--- Entries shown Enclosed Below ---

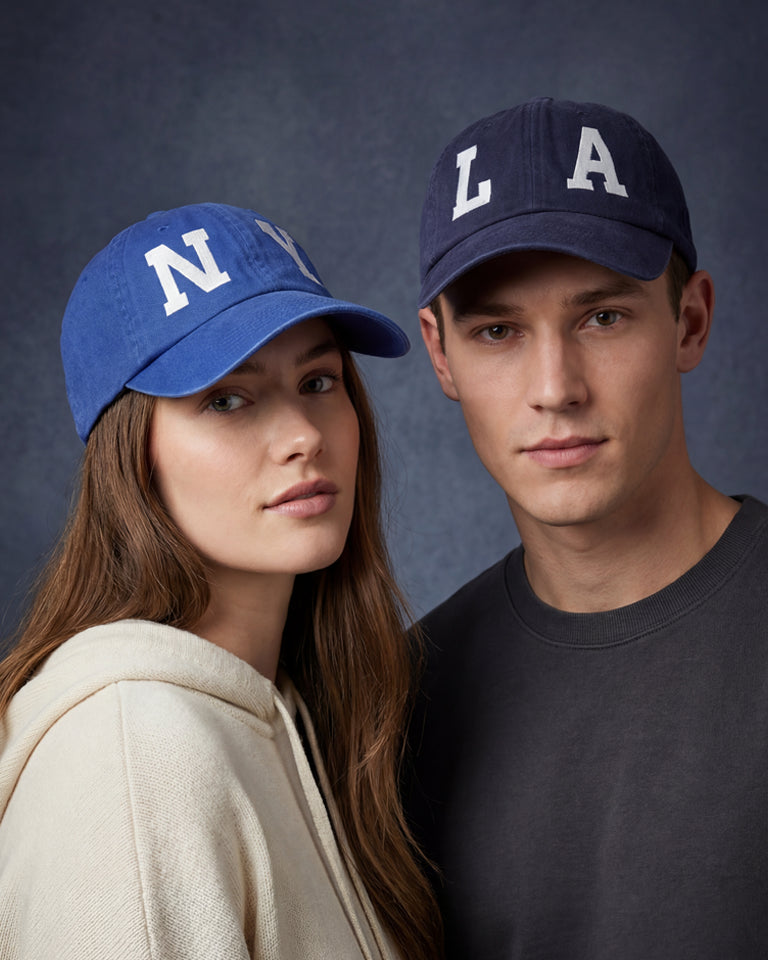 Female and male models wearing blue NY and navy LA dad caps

--- End of Enclosed Entries shown ---
--- Entries shown Enclosed Below ---

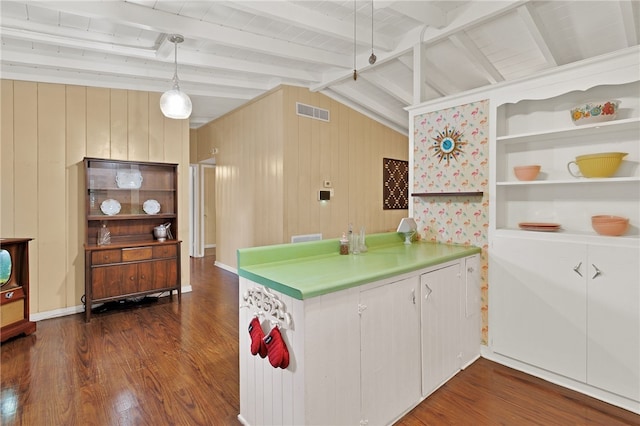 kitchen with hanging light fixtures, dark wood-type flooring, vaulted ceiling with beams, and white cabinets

--- End of Enclosed Entries shown ---
--- Entries shown Enclosed Below ---

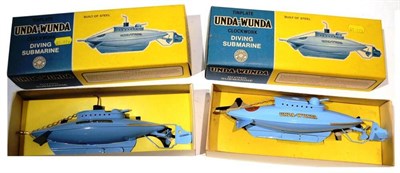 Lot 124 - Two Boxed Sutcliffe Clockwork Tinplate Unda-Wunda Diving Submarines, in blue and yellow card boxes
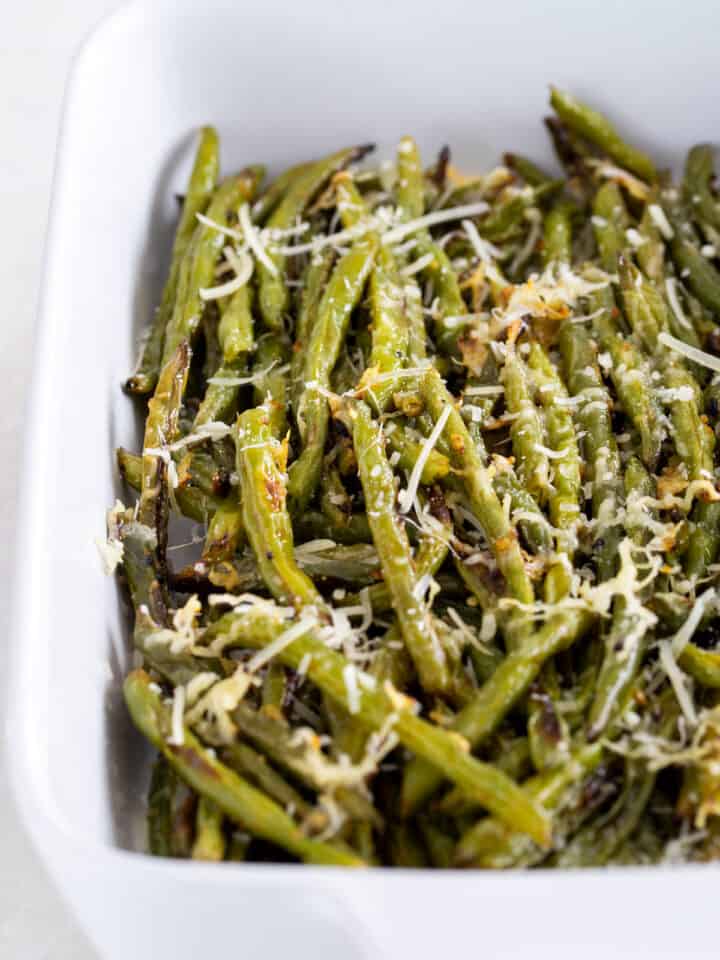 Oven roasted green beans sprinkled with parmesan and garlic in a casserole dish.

--- End of Enclosed Entries shown ---

▶ _Exercise aim_
Pictures in the material above should be skipped; print exactly the lines from the one with "Lot 124 - Two" through the one with "Oven roasted green".

▶ _Reply to the task_
 Lot 124 - Two Boxed Sutcliffe Clockwork Tinplate Unda-Wunda Diving Submarines, in blue and yellow card boxes
 Oven roasted green beans sprinkled with parmesan and garlic in a casserole dish.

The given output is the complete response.